Senator Vicente Sotto III, a member of SET, said they will meet on Dec. 3 to decide on the motion for reconsideration filed by David on its ruling that junked his petition to unseat Poe from the Senate.

Sotto, along with Senators Bam Aquino, Loren Legarda, Cynthia Villar and Pia Cayetano, voted to throw out David’s quo warranto petition to remove Poe as senator.

It was only Senator Nancy Binay who favored the disqualification of Poe. Her father, Vice President Jejomar Binay, is running against Poe in the upcoming elections.

The other who moved to disqualify Poe are SET chairman Associate Justice Antonio Carpio, and Associate Justices Antonio Brion and Teresita Leonardo de Castro.

According to David, Poe declared in her CoC that she is a natural-born citizen when she is actually not because foundlings like her are stateless.

But Garcia said David’s contention runs counter to the SET declaration that Poe, although a foundling, enjoyed the presumption that she was born of Filipino parents.

Under customary international law, the Philippine Constitution and domestic laws, a foundling found in the Philippines is presumed, in the absence of contrary proof, a natural-born citizen.

The SET held that David, a defeated senatorial candidate in the 2013 polls, failed to destroy such presumption by proving that her parents are foreigners.

“The SET has spoken: Senator Poe is a natural-born Filipino citizen.
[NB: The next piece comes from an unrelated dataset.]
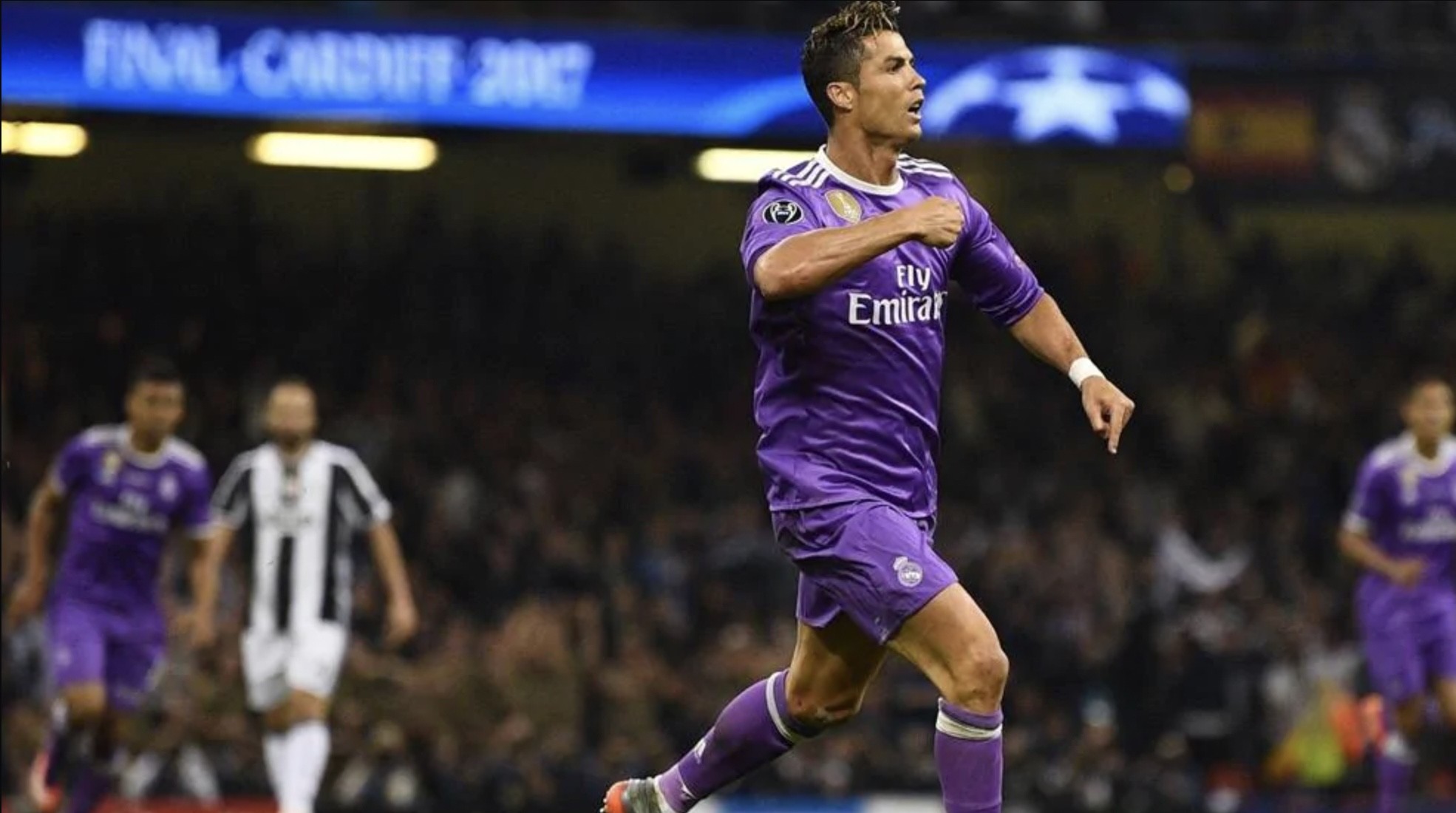Ronaldo ghi bàn mở tỉ số cho Real Madrid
Therefore, she is not only eligible to sit as a member of the Senate but also to seek the presidency,” Garcia pointed out.
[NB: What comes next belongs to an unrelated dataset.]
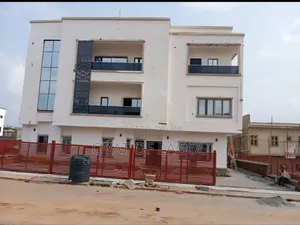 5bdrm Duplex in Asokoro for sale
Poe’s legal team is poised to move for the dismissal of the election offense case on the ground that it has been effectively “extinguished” by the SET verdict.

“The SET has properly laid down the basis for the outright dismissal of the election offense case,” Garcia said.

The SET, in its Nov. 17 decision, declared Poe a natural-born Filipino, defined under the 1987 Constitution as a “citizen of the Philippines from birth, without having to perform any act to acquire or perfect [her] Philippine citizenship.”

Garcia had earlier said they will file a manifestation with motion to dismiss the election offense case in light of the SET ruling.

He said they are also set to file on Dec. 3 their memorandum for the three other disqualification cases filed by former senator Francisco Tatad, political science professor Antonio Contreras and ex-University of the East College of Law Dean Amado Valdez.